Rowe’s students also made experimental films on Super 8 cameras. “I didn’t realize then that that’s what I wanted to do, but it was one of my fondest memories from high school,” Suh says. “CA gave me such a great foundation for figuring out what appealed to me and for finding my voice.”
She attended Columbia University, where she continued to take film courses, and worked as a copy editor for Harper’s Bazaar before earning a master’s degree in urban planning from Columbia’s School for Urban Planning and Preservation. Then she began interning at a PBS station in New York. “I started at the bottom, taking out the garbage, and I worked my way up,” she says.
The first film Suh directed, Frontrunners, about a student government election at New York’s Stuyvesant High School, came out in 2008. “It was my first time being able to do something the way I wanted, and I thought the people in it were incredible,” she says.
Afterward, she began producing films. “I always wanted to direct, but the industry was not necessarily set up for me to do that, or maybe I wasn’t aggressive enough,” she says. But she seized her chances and carved out a career.
Suh directed and produced the 2016 docuseries The 4%: Film’s Gender Problem, which grapples with sexism in the industry. “Working on that project, I learned about implicit bias and realized how much I’ve internalized, how it colors how I think of myself and my limitations,” she says. While making 4%, Suh says, she realized that because everyone has blind spots, “you really want a lot of different people working on films.”
She credits filmmaker Alex Gibney with giving her the chance to direct and produce some prominent documentary series for Netflix, including Cooked (2016) with journalist Michael Pollan and Salt Fat Acid Heat (2018) with Samin Nosrat, who had become renowned for her cookbook of the same name. When Suh first met Nosrat, the Iranian American chef hadn’t appeared on television before. “We approached it like an art project, which is how I like to try to approach everything I do,” Suh says.
Her throughline has been “featuring people you don’t normally hear from or see in a certain way,” she says. In Nosrat, Suh recognized an adventurous person—a capable chef who was comfortable outdoors, who could butcher meat and build fires. “Since Julia Child, a lot of the female chefs you’d see on TV would be on this kitchen set and wearing a lot of makeup,” Suh says. “We wanted to capture her naturalism.” She filmed Nosrat in Italy, Japan, and Mexico, as well as in the chef’s home kitchen in California, alongside her Iranian mother.

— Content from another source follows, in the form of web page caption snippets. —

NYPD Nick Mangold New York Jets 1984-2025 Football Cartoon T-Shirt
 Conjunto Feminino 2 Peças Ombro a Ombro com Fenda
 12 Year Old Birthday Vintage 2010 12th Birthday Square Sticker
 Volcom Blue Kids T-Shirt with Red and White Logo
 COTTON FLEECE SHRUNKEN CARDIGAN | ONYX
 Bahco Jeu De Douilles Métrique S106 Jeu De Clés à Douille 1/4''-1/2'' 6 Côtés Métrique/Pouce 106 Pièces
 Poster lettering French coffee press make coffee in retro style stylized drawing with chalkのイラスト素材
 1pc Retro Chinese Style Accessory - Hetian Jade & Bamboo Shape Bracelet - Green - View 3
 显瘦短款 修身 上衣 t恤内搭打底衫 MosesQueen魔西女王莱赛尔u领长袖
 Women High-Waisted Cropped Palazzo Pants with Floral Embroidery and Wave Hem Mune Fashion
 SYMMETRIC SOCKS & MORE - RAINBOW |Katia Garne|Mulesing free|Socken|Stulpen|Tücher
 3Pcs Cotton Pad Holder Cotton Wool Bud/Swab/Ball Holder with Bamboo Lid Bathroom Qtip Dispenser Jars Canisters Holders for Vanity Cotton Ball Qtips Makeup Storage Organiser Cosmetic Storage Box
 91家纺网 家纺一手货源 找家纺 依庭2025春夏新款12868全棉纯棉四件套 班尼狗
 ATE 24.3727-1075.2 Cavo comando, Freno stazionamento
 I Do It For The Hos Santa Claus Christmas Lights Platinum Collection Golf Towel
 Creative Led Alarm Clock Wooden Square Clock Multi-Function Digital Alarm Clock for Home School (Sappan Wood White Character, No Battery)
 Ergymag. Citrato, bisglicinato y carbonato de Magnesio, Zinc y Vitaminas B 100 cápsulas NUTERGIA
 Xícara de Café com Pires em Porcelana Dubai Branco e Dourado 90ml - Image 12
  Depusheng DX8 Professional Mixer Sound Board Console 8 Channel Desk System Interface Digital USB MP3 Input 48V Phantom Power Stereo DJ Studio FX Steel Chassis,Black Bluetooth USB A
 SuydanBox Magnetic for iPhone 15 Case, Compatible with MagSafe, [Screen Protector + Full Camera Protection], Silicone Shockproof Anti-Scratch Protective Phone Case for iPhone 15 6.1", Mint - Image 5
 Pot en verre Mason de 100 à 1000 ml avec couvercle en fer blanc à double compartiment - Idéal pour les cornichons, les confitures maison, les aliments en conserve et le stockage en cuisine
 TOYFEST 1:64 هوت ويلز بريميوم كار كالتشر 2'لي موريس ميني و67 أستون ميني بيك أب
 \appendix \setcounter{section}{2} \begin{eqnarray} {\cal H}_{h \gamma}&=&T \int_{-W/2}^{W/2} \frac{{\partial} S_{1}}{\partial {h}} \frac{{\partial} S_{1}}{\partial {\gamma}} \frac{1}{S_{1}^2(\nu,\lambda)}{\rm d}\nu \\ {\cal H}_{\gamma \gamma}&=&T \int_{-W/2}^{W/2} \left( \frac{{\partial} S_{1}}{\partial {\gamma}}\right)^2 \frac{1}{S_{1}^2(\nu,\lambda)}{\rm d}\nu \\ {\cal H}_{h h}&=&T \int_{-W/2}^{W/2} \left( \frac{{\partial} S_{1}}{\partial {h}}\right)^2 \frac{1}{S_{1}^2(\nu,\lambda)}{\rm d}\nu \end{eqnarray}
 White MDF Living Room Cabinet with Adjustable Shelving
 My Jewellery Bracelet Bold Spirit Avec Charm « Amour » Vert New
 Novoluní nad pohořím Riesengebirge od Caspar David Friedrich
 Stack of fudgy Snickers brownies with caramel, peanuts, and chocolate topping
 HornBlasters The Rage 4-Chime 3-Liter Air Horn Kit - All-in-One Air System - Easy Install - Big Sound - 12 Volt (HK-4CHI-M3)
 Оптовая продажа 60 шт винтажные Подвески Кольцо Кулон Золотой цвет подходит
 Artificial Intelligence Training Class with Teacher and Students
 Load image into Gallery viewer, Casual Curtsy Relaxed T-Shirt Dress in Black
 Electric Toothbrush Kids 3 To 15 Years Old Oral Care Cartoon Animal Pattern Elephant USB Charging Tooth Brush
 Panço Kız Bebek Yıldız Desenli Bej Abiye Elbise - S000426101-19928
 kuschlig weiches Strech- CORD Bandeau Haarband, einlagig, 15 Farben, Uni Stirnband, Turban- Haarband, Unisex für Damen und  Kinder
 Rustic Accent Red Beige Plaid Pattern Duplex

After those food-focused series, Suh was ready for a change. “I don’t like to do anything twice,” she says. “I never want to know exactly what a documentary’s going to be like. I try to incorporate something new with every project.”
Directing the 2020 documentary Blackpink: Light Up the Sky, she took a deep dive into K-pop. Blackpink, a South Korean girl group that skyrocketed to fame, wasn’t well known when she began the film. “While I was researching, I noticed they would all be interviewed together, so none of them got to speak in depth,” Suh says. “They were portrayed as kind of giggly, sweet dolls, and I wanted to let them talk at length and humanize them.”
She had a similar motivation while directing Working: What We Do All Day. The four-part 2023 Netflix series examines what labor is like today for people from different socioeconomic strata in America. Former President Barack Obama narrates and interviews the subjects, who hold jobs ranging from service roles to executive positions. Suh spent around four years working with him, from the project’s early development through its completion. “It was a life-changing experience,” she says. “I learned more about the world and people than I ever had before.”
Suh’s Blackpink: Light Up the Sky presents the K-pop singers with complexity.
“People have so much to say if you just ask them.”